Dr. Ruth Laibon-Masha, CEO of the National Syndemic Disease Control Council (NSDCC), addressed a pressing crisis that could significantly impact Kenya’s healthcare system in relation to the HIV response. Speaking on the ongoing funding crisis on Citizen TV, she provided a thorough analysis of the challenges the country faces and the strategic measures being implemented to safeguard progress in the fight against HIV.

Kenya has long relied on the U.S. President’s Emergency Plan for AIDS Relief (PEPFAR) to support its HIV response. This initiative has been instrumental in providing life-saving medications, funding preventive measures, and supporting thousands of healthcare workers. However, the recent pause in U.S. foreign assistance has placed immense pressure on the country’s healthcare infrastructure.   Dr. Masha acknowledged the severity of the situation, stating, “It was too soon. We had been planning for a transition towards self-sustainability by 2030, but this shift came abruptly, leaving us scrambling for immediate solutions.”

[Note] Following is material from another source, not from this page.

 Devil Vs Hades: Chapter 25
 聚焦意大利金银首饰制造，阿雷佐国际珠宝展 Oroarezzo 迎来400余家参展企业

With the withdrawal of funding, several crucial services stand to be affected. HIV testing, preventive programs, and treatments for opportunistic infections may all experience setbacks. Additionally, vulnerable populations such as sex workers, men who have sex with men, and people who inject drugs are at heightened risk of losing access to essential care. Beyond medication, Kenya also faces challenges in maintaining the infrastructure necessary to support HIV treatment, including data management systems and trained healthcare personnel.

Despite these concerns, Dr. Masha remains confident in Kenya’s ability to navigate this crisis. “We have a well-structured supply chain and a buffer stock of medications,” she assured. “Now, the focus is on ensuring the efficient allocation of available resources while identifying new funding sources.”

In response to the crisis, the Kenyan government and global partners have intensified efforts to secure alternative funding. Local pharmaceutical companies, such as Universal Corporation Limited, are increasing domestic production of antiretroviral (ARV) medications to reduce dependence on foreign aid. Furthermore, the Ministry of Health has established a crisis management team to devise both immediate and long-term strategies.

“We cannot afford to let people panic,” Dr. Masha emphasised. “Every individual receiving HIV treatment must be assured that their medication will remain available. Any disruption to treatment is simply not an option.”

With an April 19th deadline looming, healthcare leaders are working against the clock to secure Kenya’s HIV response. Negotiations with international stakeholders continue, while the government urges local communities to take an active role in preventive measures.

Dr. Masha framed the crisis as an opportunity for Kenya to reassess its healthcare financing model. “This is our chance to build a resilient, self-sustaining health system. It is a test of our endurance, but I am confident we will overcome it.”  The coming weeks will be crucial in determining Kenya’s ability to sustain its fight against HIV. As the world watches, one message remains clear: Kenya is committed to ensuring that those who depend on life-saving treatment are not left behind.